Yeah, this is the perfect resting place for Kaitlyn. Her grandma lives here and her grandpa lived here with her grandma until he passed away last year. Both of her great grandparents lived and died here and when each of them passed the family all gathered together on this very same beach and scattered their ashes in this very same ocean. There is a legacy of believers being put to rest on this beach just as Abraham, Isaac, and Jacob left a legacy of believers being put to rest in the field of Ephron. Their family gathering together each time, bringing the earthly remains of each one of them back to that place, and laying them to rest.
This is the perfect resting place for Kaitlyn. This song that I’m listening to, (Oceans) it says;
“So I will call upon Your name
And keep my eyes above the waves
When oceans rise, my soul will rest in Your embrace
For I am Yours and You are mine
Spirit lead me where my trust is without borders
Let me walk upon the waters
Wherever You would call me
Take me deeper than my feet could ever wander
And my faith will be made stronger
In the presence of my Savior”
Peter trusted Jesus enough to climb out of the boat. In the midst of a terrible storm, when Jesus called him, he stepped out on the water and walked and his faith was strengthened by it. Kaitlyn trusted without borders and when Jesus called her in the midst of the worst storm of her life she answered that call with “Lord, wherever You call me, whatever you ask, I AM YOURS AND YOU ARE MINE.”

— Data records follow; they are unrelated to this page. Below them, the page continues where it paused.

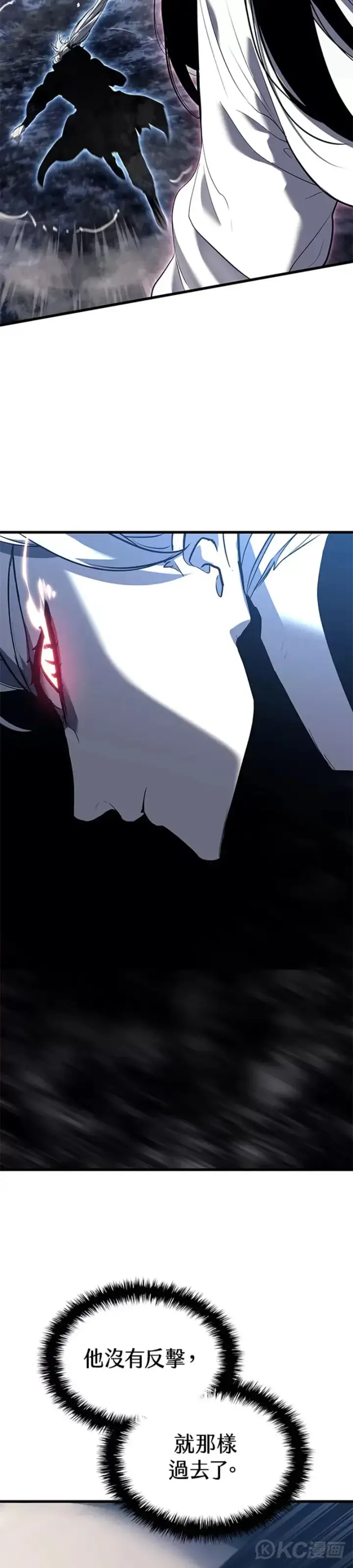《死神漂月》第53话图35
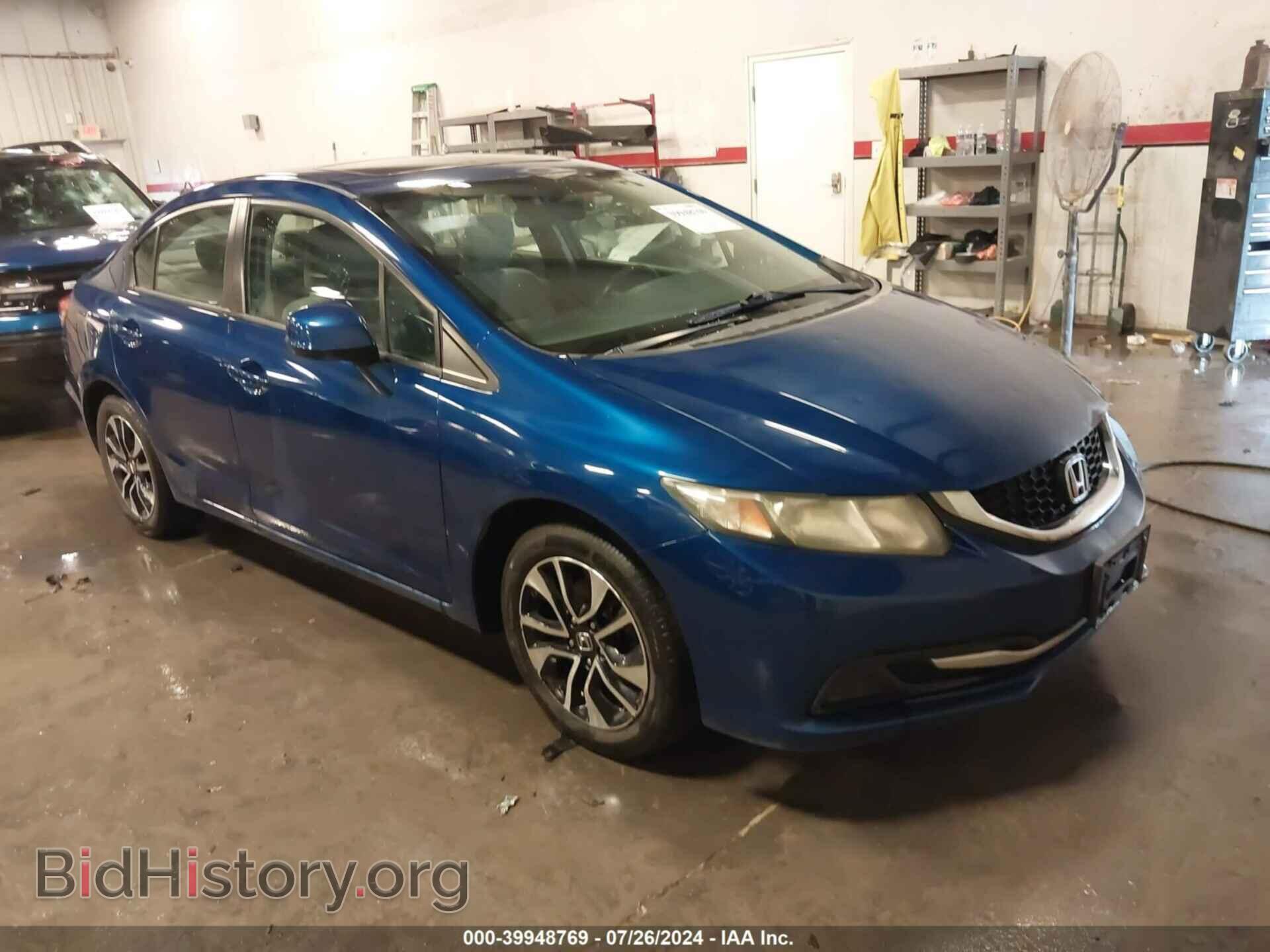 Фотография 2HGFB2F85DH548771 - HONDA CIVIC 2013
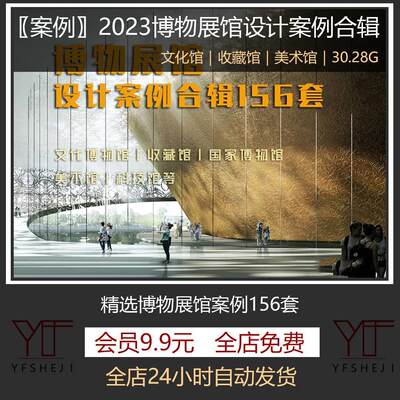 436-博物馆展厅展馆科技馆历史柜设计概念方案效果图分析案例ppt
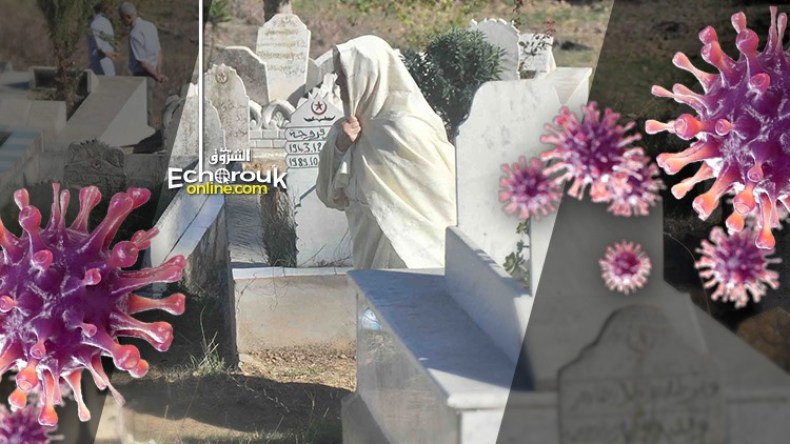 منع زيارة المقابر أيام العيد للحد من انتشار فيروس كورونا بقالمة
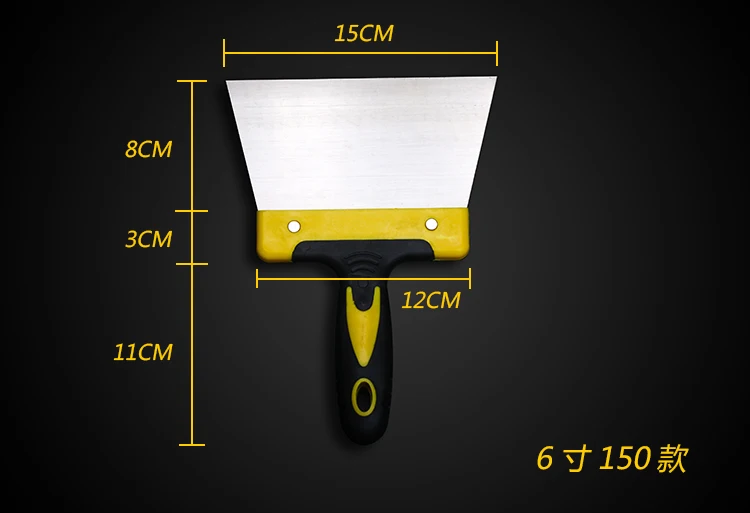 1 шт. 6 '/150*220 мм Высококачественная Толстовка эластичная стальная пластиковая ручка набор шпателей скребок строительные инструменты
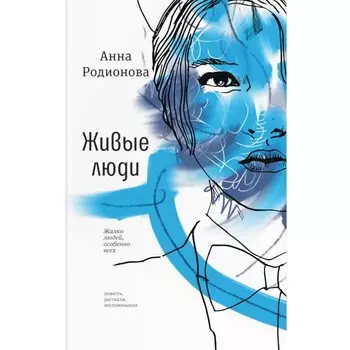 Живые люди. Родионова А.С.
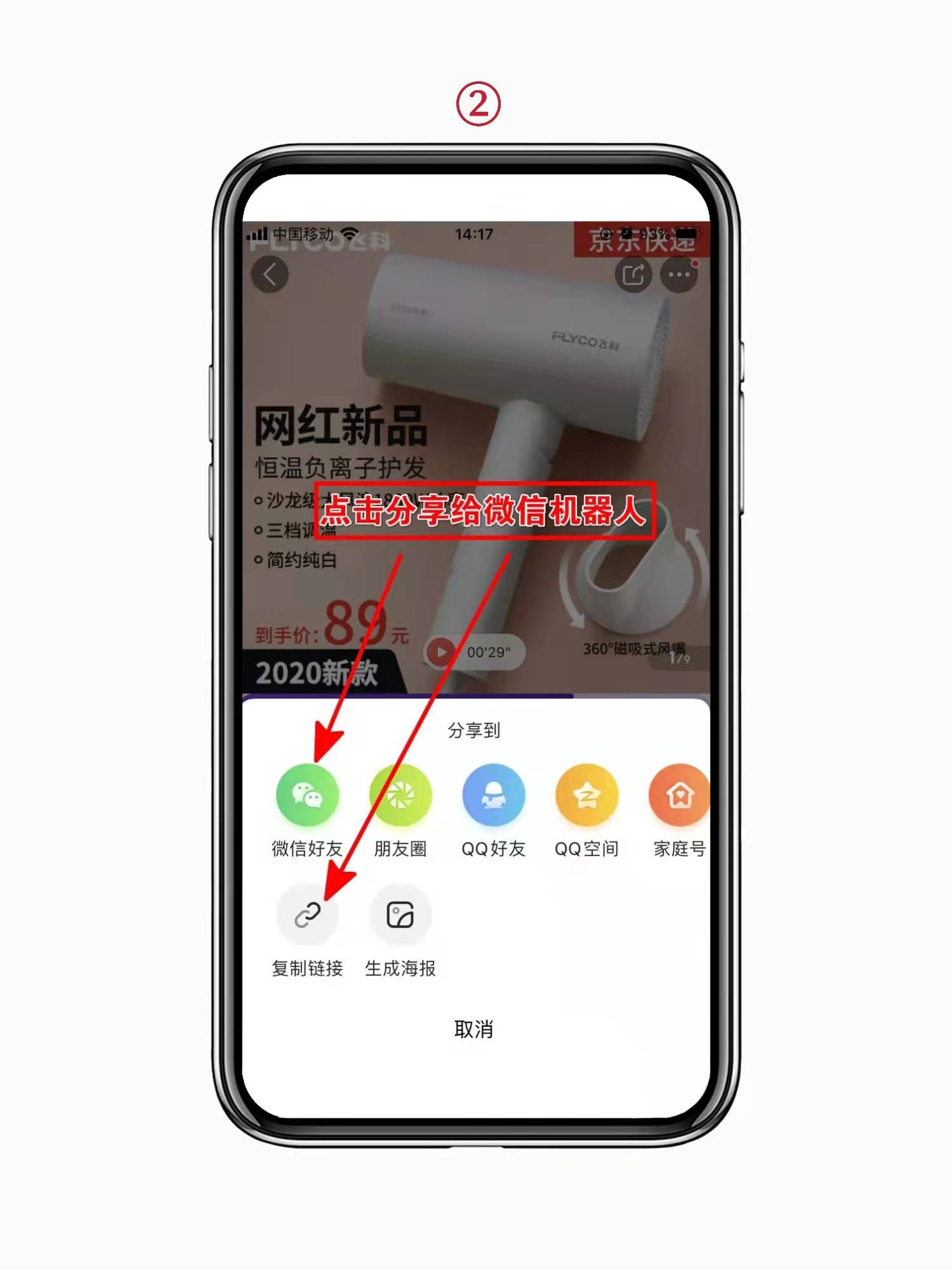 微信查券返利机器人,京东领券返利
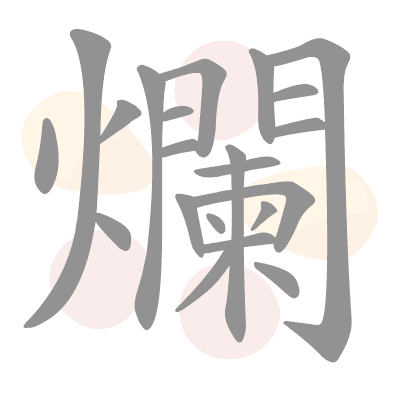 n/a 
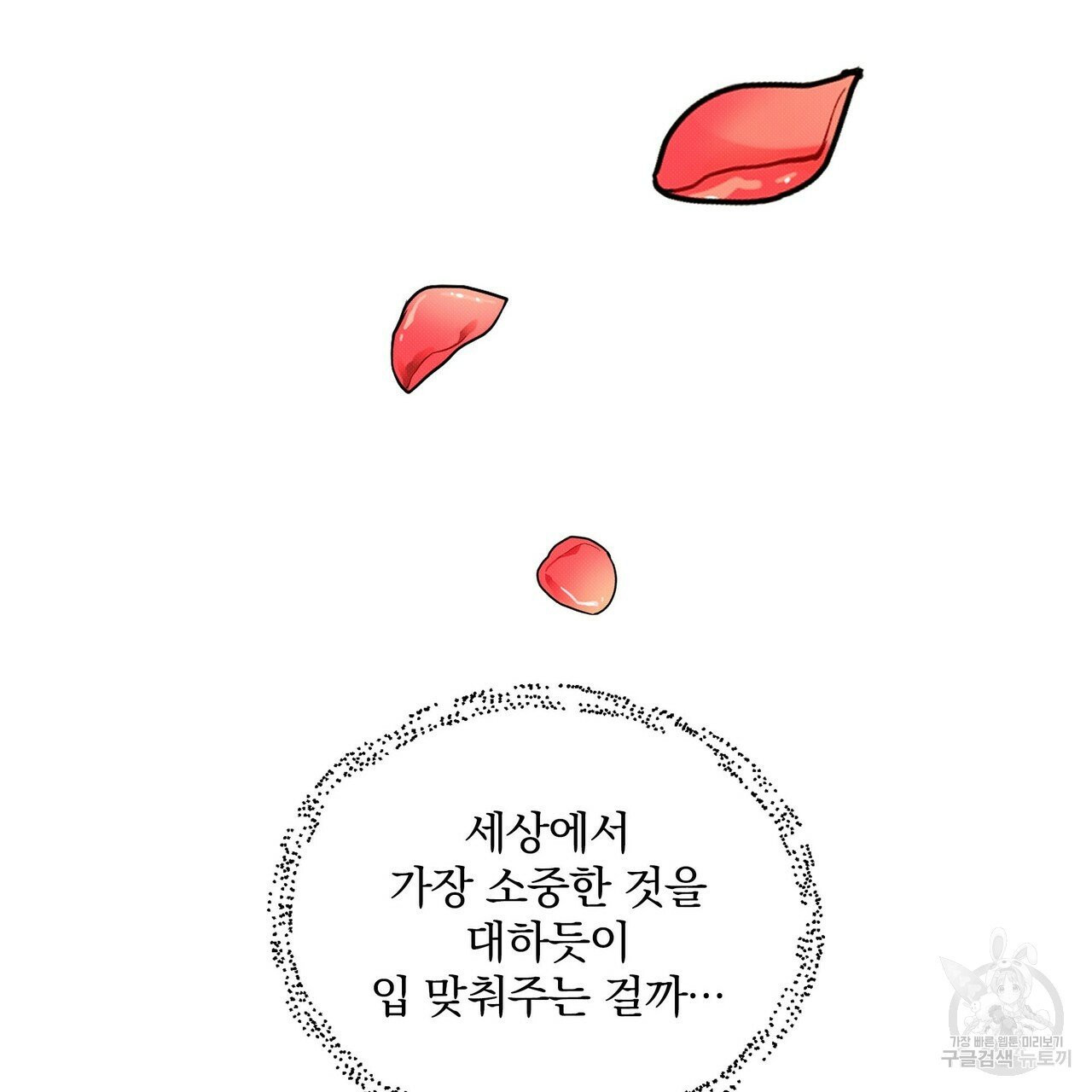 꿈속의 기분 3화 - 웹툰 이미지 124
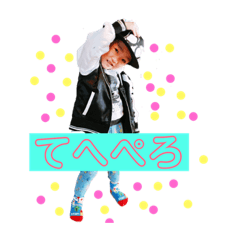 [LINEスタンプ] 粟田家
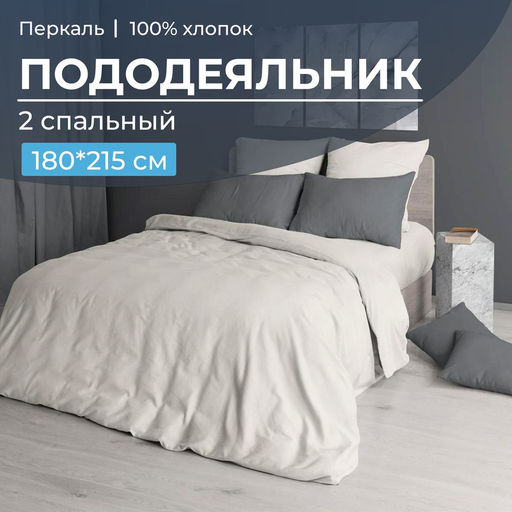 Пододеяльник 2-спальный, перкаль гладкокрашеный (Тофу) - Ивановотекстиль фото 5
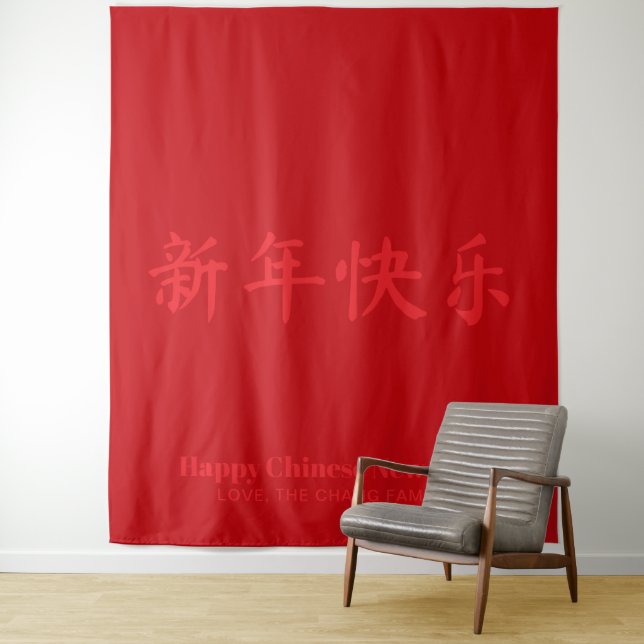 Happy Chinesisch Neujahr minimalistischer Sonderte Wandteppich (Beispiel)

Talk about faith being made stronger, I don’t know a single person who knew her (and some who didn’t) who would say their faith wasn’t strengthened by her trust in the midst of the storm and her willingness to go wherever Jesus called her. I know mine was and is still being strengthened as I discover new ways she trusted Him every day. Symbolic or not it’s a perfect resting place for her because from here on out when I see an ocean I’ll think of Peter walking on water toward Jesus during a storm and I’ll think of Kaitlyn walking on trust toward Jesus during a storm.
It was such a beautiful day for scattering her ashes and even though it was packed full of emotion and I had some difficulty with it, including being way more anxious about it than I thought I was going to be, I’m so glad we were able to gather as a family. Just like the family of Abraham, Isaac, and Jacob did each time they said goodbye to them.
Indeed! This is the perfect resting place for Kaitlyn. For all of these reasons and a hundred more, but most important of all of them is that there wasn’t a single cliff in sight!

Thanks Uncle Fred, for the beautiful pictures.